Phase 4: CFIUS moves in (January 29 – March 12, 2018)

The decisive blow had actually been set in motion five weeks earlier, on January 29, when Qualcomm filed a unilateral voluntary notice with the Committee on Foreign Investment in the United States (CFIUS), requesting review of Broadcom's proxy solicitation. 2 No acquisition agreement existed; no formal deal had been announced. Broadcom publicly called the move a "blatant, desperate act." 10 It was, in fact, a carefully constructed legal strategy executed by a Covington & Burling team that included former Senator Jon Kyl.
Qualcomm spent $8.3 million on federal lobbying in 2017 — roughly 100 times Broadcom's $85,000. 4 Many of the Washington contacts Broadcom tried to hire were already working for Qualcomm. Senator John Cornyn (R-TX), co-sponsor of the pending FIRRMA legislation expanding CFIUS's jurisdiction, wrote to Treasury Secretary Mnuchin urging review — arguing Broadcom "would drastically cut Qualcomm's investment in 5G wireless technology research and development, creating a market opening for China's Huawei to move into a dominant position, potentially threatening U.S. national security." 2
On March 4 — two days before the scheduled shareholder vote — CFIUS issued an interim order postponing Qualcomm's annual meeting by 30 days. 11 The next day, CFIUS sent both parties' attorneys a detailed letter identifying three national security concerns: 12
  1. 5G standard-setting risk: Qualcomm had led the development of 2G, 3G, and 4G standards and was "the current leading company in 5G technology development." Broadcom's stated intention to take a "private equity-style direction" — cutting long-term R&D — threatened that position. "A weakening of Qualcomm's position would leave an opening for China to expand its influence on the 5G standard-setting process." CFIUS named Huawei specifically, which at the time held approximately 10% of essential 5G patents.
  2. Debt pressure: The deal required $106 billion in debt financing — described as the largest corporate acquisition loan on record — creating structural pressure to prioritize short-term profitability over investment.
  3. DoD supply disruption: Qualcomm held a facility security clearance and performed on "active sole source classified prime contracts with DOD."
Paul Jacobs, then Qualcomm's executive chairman, led the board's resistance to Broadcom's successive bids
Paul E. Jacobs, Qualcomm's executive chairman and son of the company's co-founder, wrote every rejection letter and led the negotiating team throughout the 129-day siege. 4
Meanwhile, Broadcom was accelerating its redomiciliation from Singapore to Delaware — a direct attempt to extinguish CFIUS's jurisdictional basis before the committee could act.
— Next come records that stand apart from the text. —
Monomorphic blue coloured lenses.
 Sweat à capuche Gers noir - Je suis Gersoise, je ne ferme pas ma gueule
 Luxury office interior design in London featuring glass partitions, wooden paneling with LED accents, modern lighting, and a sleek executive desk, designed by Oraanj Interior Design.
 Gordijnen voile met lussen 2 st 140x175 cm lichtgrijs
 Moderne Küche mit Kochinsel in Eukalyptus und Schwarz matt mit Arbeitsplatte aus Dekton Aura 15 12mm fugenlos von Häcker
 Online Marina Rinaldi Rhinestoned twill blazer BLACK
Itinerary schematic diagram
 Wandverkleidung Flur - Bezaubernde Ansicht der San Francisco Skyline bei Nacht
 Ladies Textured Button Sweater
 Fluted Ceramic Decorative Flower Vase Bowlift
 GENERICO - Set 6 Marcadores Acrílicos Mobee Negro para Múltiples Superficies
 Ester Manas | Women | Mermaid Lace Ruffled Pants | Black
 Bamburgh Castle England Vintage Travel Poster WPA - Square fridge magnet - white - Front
Skadden's post-deal analysis captured the dynamic precisely: CFIUS "likely believed it faced a do-or-die moment: block the transaction at an early stage or potentially lose all ability to influence the outcome." 2 Goodwin Procter described it as "akin to a chess match, with Broadcom seeking to redomicile from Singapore to the United States in an attempt to thwart CFIUS's jurisdiction." 13
On March 9, Tan sent an open letter to Congress pledging a $1.5 billion fund for U.S. RF engineer training, $3 billion in annual R&D, and $6 billion in annual manufacturing after redomiciliation. 14 On the same day, Broadcom filed a definitive proxy statement with the SEC — triggering a CFIUS violation notice for proceeding without the required five business days' advance notice. 15
On the morning of March 12, Tan and his team met with Pentagon officials, delivering a pitch that Broadcom was "a quintessential American success story." The meeting was described as cordial; the team left believing "they had a good shot at salvaging the deal." 4 Within four hours, Trump signed the executive order.

Phase 5: the order and the aftermath (March – August 2018)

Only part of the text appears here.